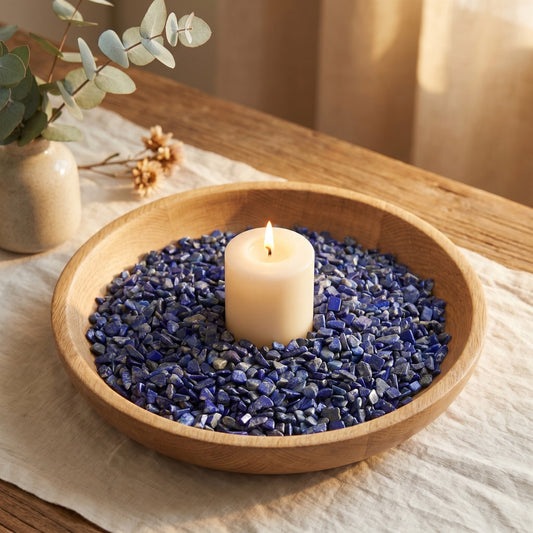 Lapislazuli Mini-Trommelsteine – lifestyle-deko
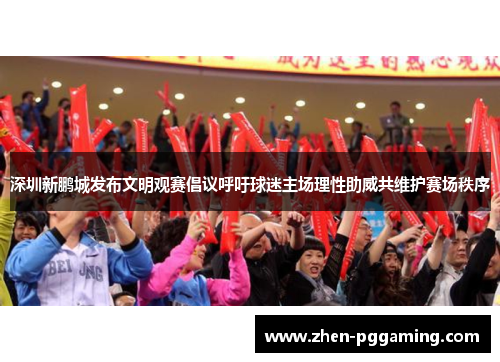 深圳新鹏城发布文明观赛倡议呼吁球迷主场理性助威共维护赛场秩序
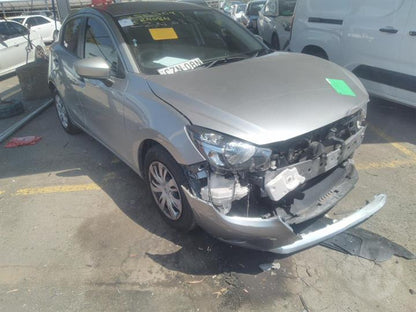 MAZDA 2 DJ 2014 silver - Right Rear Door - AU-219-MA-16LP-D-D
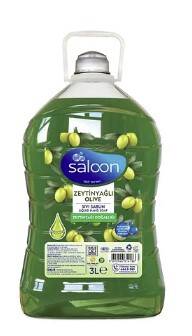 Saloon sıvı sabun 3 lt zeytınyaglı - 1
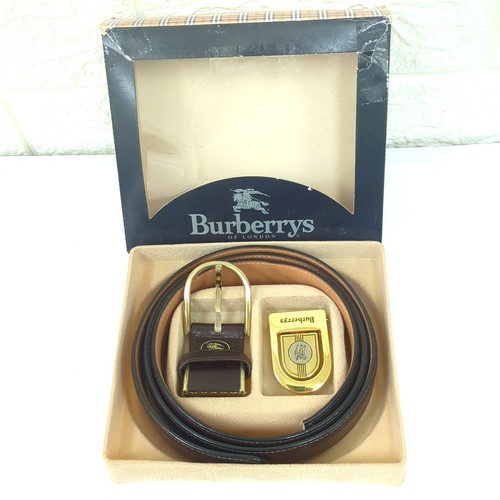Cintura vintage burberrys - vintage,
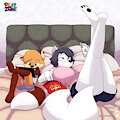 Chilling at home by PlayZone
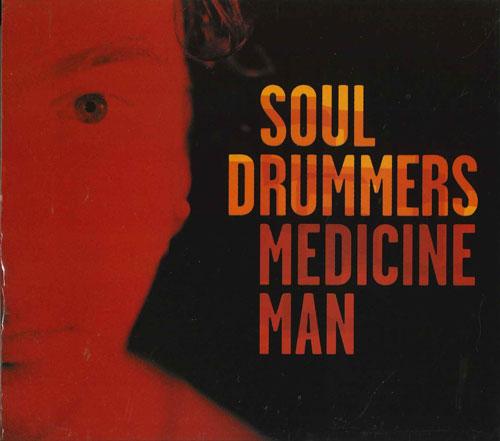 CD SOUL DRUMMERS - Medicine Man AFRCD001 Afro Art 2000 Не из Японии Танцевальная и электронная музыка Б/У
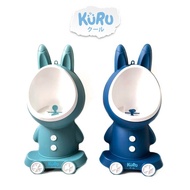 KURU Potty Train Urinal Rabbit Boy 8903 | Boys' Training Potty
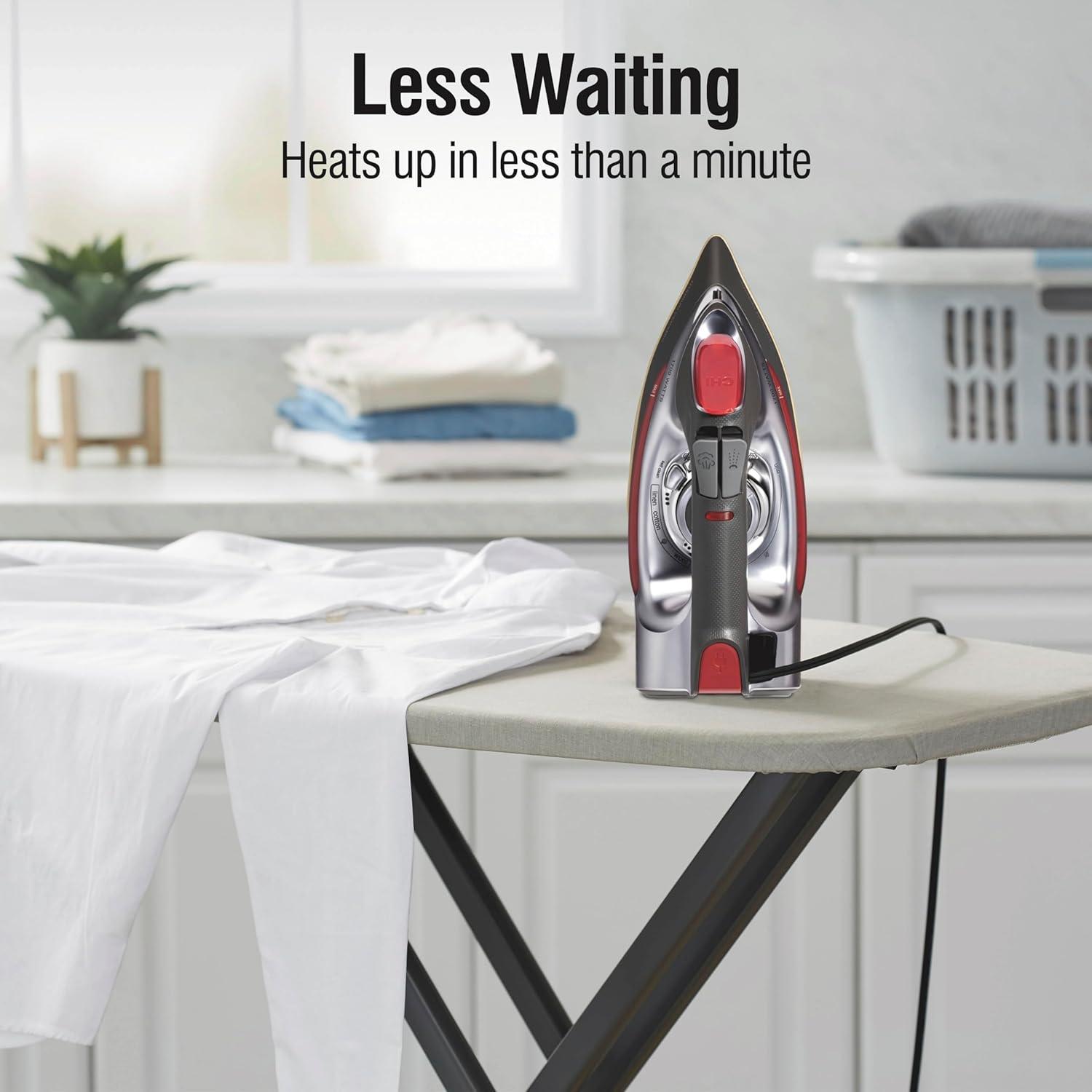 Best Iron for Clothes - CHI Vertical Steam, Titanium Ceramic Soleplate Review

## Task brief
Please output only the lines running from the one that holds "KURU Potty Train" through the last line of the entries, both ends included, without any images.

## Written response
 KURU Potty Train Urinal Rabbit Boy 8903 | Boys' Training Potty
 Best Iron for Clothes - CHI Vertical Steam, Titanium Ceramic Soleplate Review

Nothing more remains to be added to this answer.